• [Record set]
-*-*-
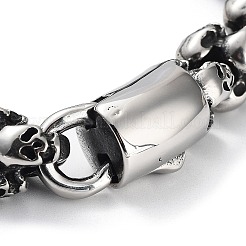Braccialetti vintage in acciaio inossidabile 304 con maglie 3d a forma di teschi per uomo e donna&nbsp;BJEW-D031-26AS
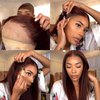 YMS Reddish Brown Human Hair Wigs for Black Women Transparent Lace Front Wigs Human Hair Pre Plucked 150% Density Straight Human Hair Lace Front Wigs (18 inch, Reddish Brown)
-*-*-
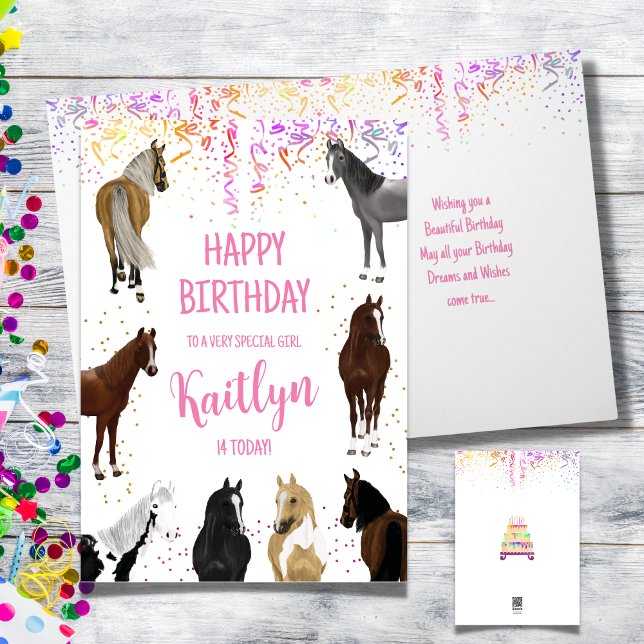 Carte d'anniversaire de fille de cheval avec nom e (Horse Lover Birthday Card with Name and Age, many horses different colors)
-*-*-
• [How to complete this task] Write out word for word the lines above that run from the one with "Braccialetti vintage in" to the one with "YMS Reddish Brown". Include both end lines; exclude the images.

• [Answer to the problem]
Braccialetti vintage in acciaio inossidabile 304 con maglie 3d a forma di teschi per uomo e donna&nbsp;BJEW-D031-26AS
 YMS Reddish Brown Human Hair Wigs for Black Women Transparent Lace Front Wigs Human Hair Pre Plucked 150% Density Straight Human Hair Lace Front Wigs (18 inch, Reddish Brown)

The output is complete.